SCOW to assess the statutory authority of DNR wardens

State v. John R. Phelan, 2024AP777-CR, petition for review of an published court of appeals decision, granted 4/22/26; case activity

In a unique statutory construction case, SCOW will determine the scope of authority allocated to DNR wardens in enforcing the criminal law.

The State’s PFR presents three issues for SCOW’s review:

1. Did the court of appeals misinterpret Wis. Stat. § 29.921(5) in a manner that incorrectly circumscribes the Legislature’s grant of additional arrest authority to trained and certified wardens?
a. Did the court of appeals incorrectly interpret Wis. Stat. § 29.921(5)’s authorization for wardens to “arrest a person who has committed a crime in the presence of the warden” as applying only when a “warden has personally witnessed—based on any combination of the warden’s contemporaneous sensory perceptions, but based only on those contemporaneous perceptions—facts that objectively support probable cause to believe that the person has committed a crime, and not merely a civil law violation, in the warden’s presence”?
b. Did the court of appeals misinterpret Wis. Stat. § 29.921(5) when it read the phrase “A warden may not conduct investigations . . . of state law” so broadly as to prohibit a warden who validly arrests a person from performing tasks attendant to an arrest, such as picking up and securing evidence?
c. Did the court of appeals misinterpret Wis. Stat. § 29.921(5) so as to prohibit a warden who is assisting another law enforcement agency at the other agency’s request from doing anything to actually assist such as taking photos, or collecting or securing evidence?

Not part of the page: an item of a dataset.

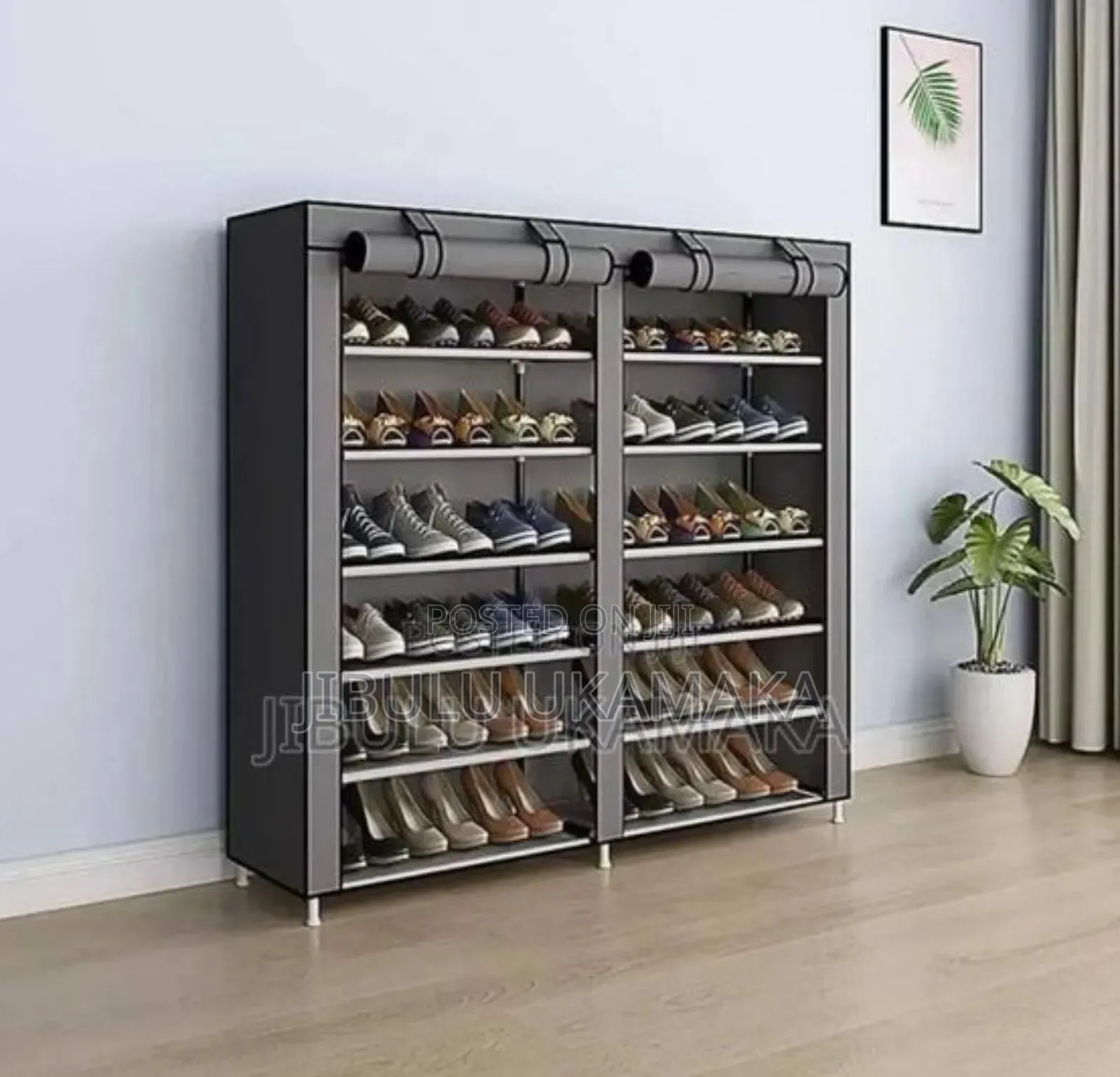 6 Layers Double Shoe Rack
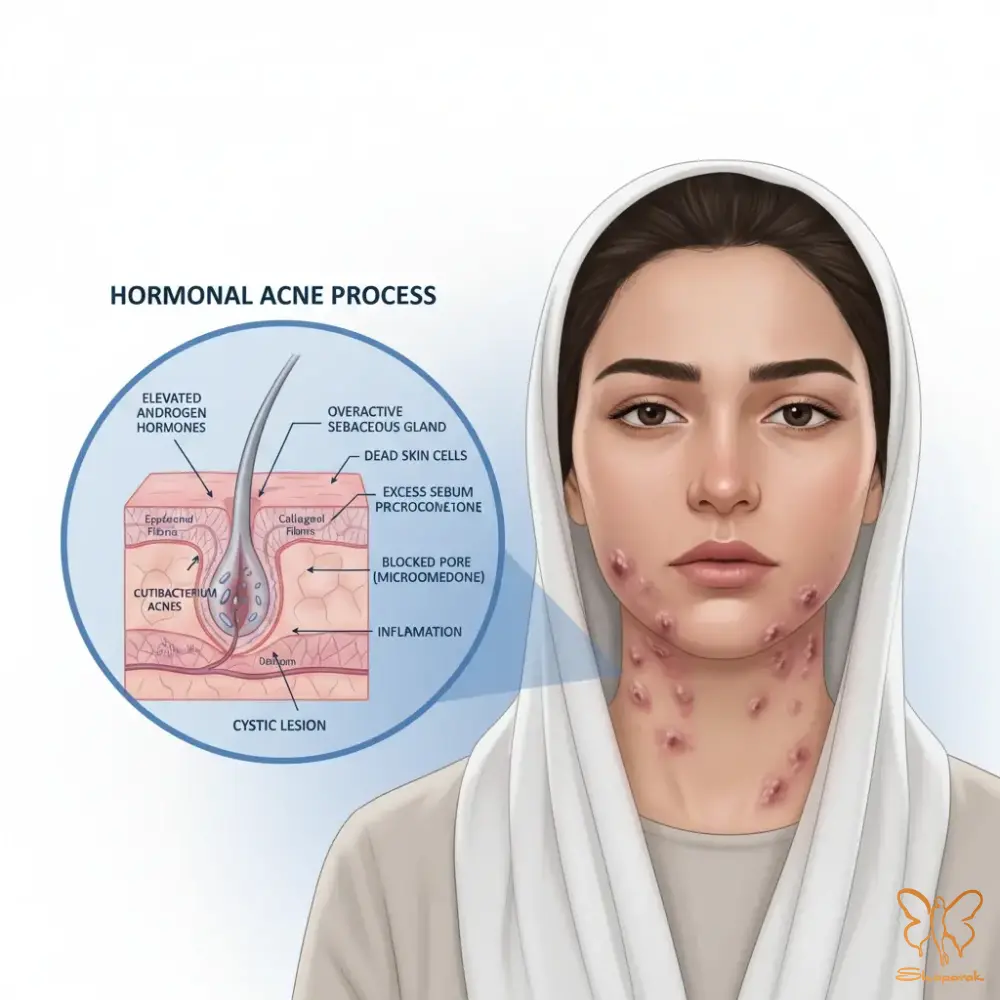 آکنه هورمونی آکنه هورمونی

2. Did the court of appeals incorrectly conclude that the remedy for a violation of Wis. Stat. § 29.921(5) by improperly conducting an investigation is suppression even though Phelan’s constitutional rights were not violated, Wis. Stat. § 29.921(5) says nothing about suppression for conducting an investigation, suppression is inconsistent with the statute’s objectives, and the circuit court did not determine that suppression was warranted?

3. Did the court of appeals properly vacate Phelan’s convictions without determining whether the error it identified affected Phelan’s substantial rights as Wis. Stat. § 805.18(2) requires?

(And we sometimes worry our issues statements are unnecessarily wordy!)

Phelan filed a response to the State’s petition, arguing that issues two and three were forfeited. Helping to nudge the case toward acceptance, the DNR also filed an amicus.

As we highlighted in our post on the case, this case applies to the unique situation where a DNR warden becomes involved in the investigation of a crime, such as an OWI. Phelan “succeeded” below by showing that the DNR warden exceeded his authority by conducting an OWI investigation, thereby winning suppression of evidence gathered during that investigation including the FST results, the PBT result, and any statements made by Phelan. However, his blood test result–showing the presence of an RCS in his blood–was not suppressed (as that evidence was not the product of the DNR warden’s unlawful investigation).

This leads into the funky posture. Phelan was acquitted of the OWI offense at trial. He was found guilty of the RCS. (He’s also found guilty of possession of paraphernalia, but confusingly, the opinion does not tell the reader where or how that evidence was discovered). Because the State was explicitly faulted for not developing a harmless error argument–and in fact conceded that, if evidence was suppressed, the case should be remanded for the circuit court to sort out–COA essentially punted the matter back to the circuit court to determine whether suppression of this evidence matters. That seems like the correct call, because there’s no discussion in this opinion as to whether the dispositive blood test evidence was in any way undermined at trial such that omission of the OWI evidence could have meaningfully impacted the jury’s assessment of that charge.

Yet, once COA accepted the State’s concession at oral argument that the case should “probably” be remanded, the State petitions, arguing that COA was wrong not to independently apply the harmless error rule as “required” by SCOW’s decision in State v. Harvey.  Thus, while the case may not end up impacting Phelan, specifically, it turns out SCOW’s review might have ramifications for many criminal appeals involving alleged harmless error.